Exercise on encoding, used in the course IDATA2304 Computer networks, NTNU, Campus Ålesund.
The intention for this exercise is to experience different encodings of data. As you have heard in the course - we typically send only ones and zeroes over wires (or wireless signals). This implies that to send any kind of data, we must convert that data to ones and zeroes. In this exercise you will encode a string-message (human-readable) into a bit stream and vice versa.
Note: here we will use a string of bits, for example "10101100" as a string, just for simplicity of readability. In real life you would use much more effective data structures.
The task is to implement functions encode(message) and decode(bits) in the Encoder class. The encoding must be
done according to the protocol described in the Encoder class.
Clone this Git repository, open this folder inside your IDE (IntelliJ, Netbeans or other). This is a Maven project which you have seen previously in other course(s).

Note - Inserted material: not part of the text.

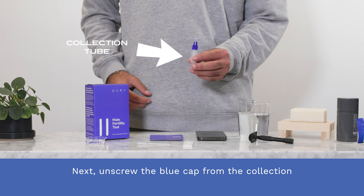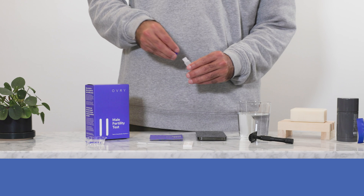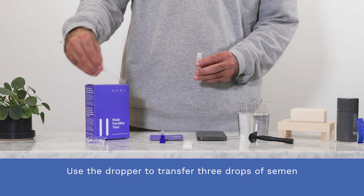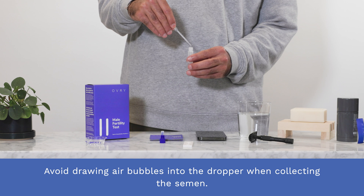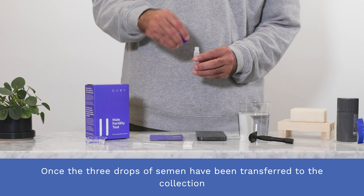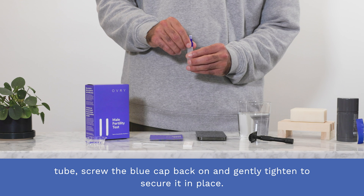Step four. Next, unscrew the blue cap from the collection tube. Use the dropper to transfer three drops of semen from the sample collection cup into the collection tube. Avoid drawing air bubbles into the dropper when collecting the semen. Once the three drops of semen have been transferred to the collection tube, screw the blue cap back on and gently tighten to secure it in place.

The project comes with unit tests. To check whether you have implemented the functions correctly, you can run the tests
locally on your computer. Simply execute mvn test in the terminal (in the project folder), or run the tests from your
IDE. If you use IntelliJ, you can run the tests by right-clicking the src/test/java folder and
choosing Run 'All tests'.
This exercise is also part of a GitHub classroom assignment and contains auto-grading instructions. This means that
whenever you make a commit to the Git repository (master branch) and push it to GitHub, automated grading robot will
check your solution and both you and teachers will see a report - how many of the unit tests passed. To avoid
overspending og free GitHub credits, please, test your solution locally before pushing it to GitHub a hundred times ;).